Helping hand bails out Aspen’s wilderness rangers
A program that provides rangers funds to perform everything from clearing fallen trees off trails to assisting backcountry hikers in the Maroon Bells-Snowmass Wilderness has been taken off life support in recent years by Aspen Skiing Co. workers.
Skico employees’ Environment Foundation has awarded grants to the White River National Forest specifically for the wilderness ranger internship program or wilderness trails crews in four of the past five years. The foundation has given $49,594 for those programs, including $10,000 this spring.
Kay Hopkins, recreation program manager for wilderness and trails in the Forest Supervisor’s Office, said the Aspen-Sopris Ranger District historically hired several seasonal wilderness rangers to patrol the thousands of acres in the Collegiate Peaks, Hunter-Fryingpan, Holy Cross and Raggeds wilderness areas as well as the high-traffic Maroon Bells-Snowmass.

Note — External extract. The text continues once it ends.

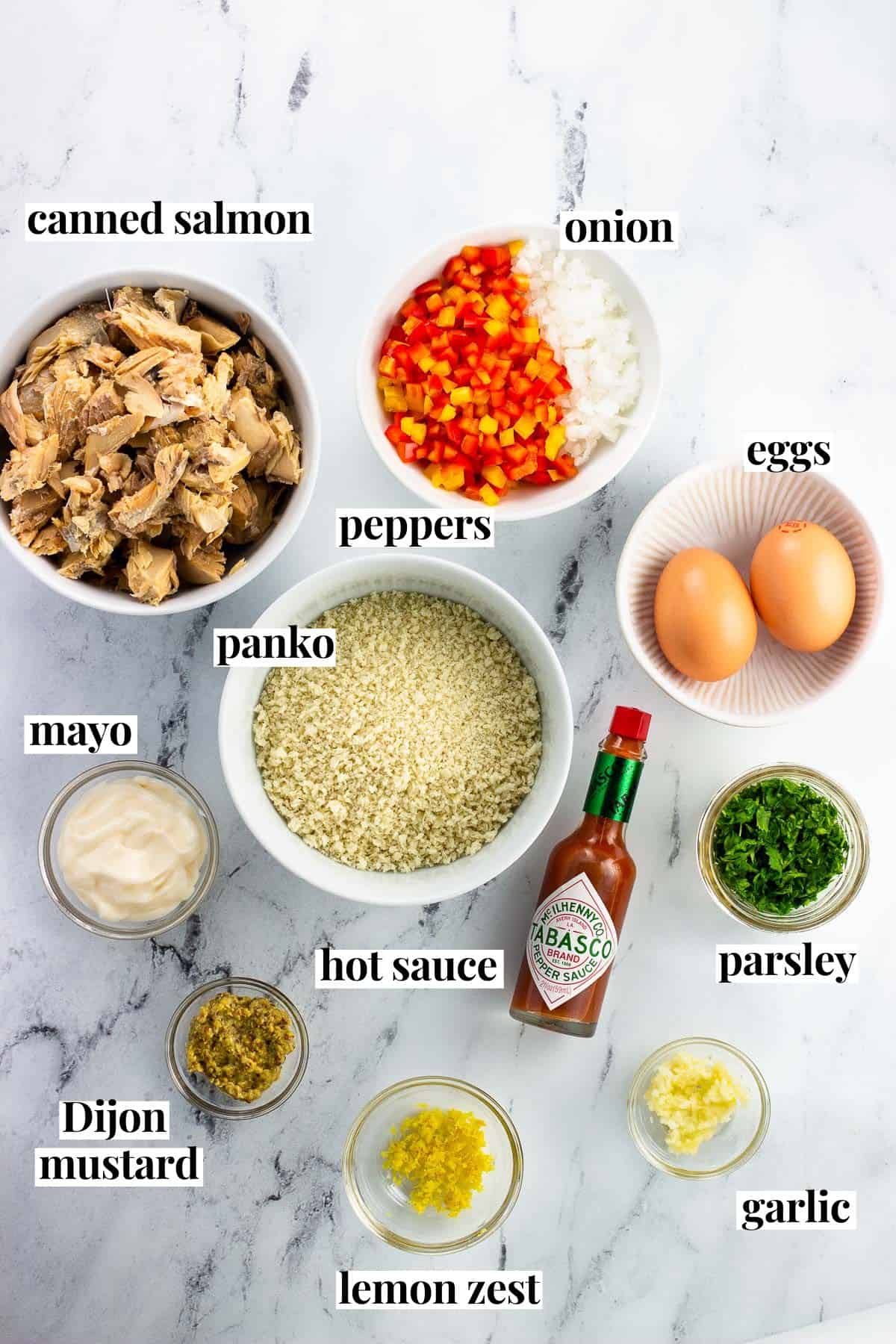 Baked salmon patty ingredients in separate bowls labeled with their names.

But national firefighting efforts have siphoned off an increasing part of the U.S. Forest Service’s budget in recent years. The forest will likely be reduced to one or two paid staff wilderness rangers for the summer, Hopkins said. It will be able to hire four interns thanks to the foundation’s grant.
Interns are “lifesavers”
The federal agency has relied on interns, usually college students on summer break, for the last several years. They work for 12 weeks in the heart of summer.
“They’ve been lifesavers for us,” Hopkins said. “They’re our boots on the ground.”
Environment Foundation Executive Director Matthew Hamilton said the group’s board of directors, composed of Skico employees, has regularly awarded grants to the White River National Forest “as the challenges have become more extreme.” The forest’s budget is shrinking while the number of visitors keeps climbing.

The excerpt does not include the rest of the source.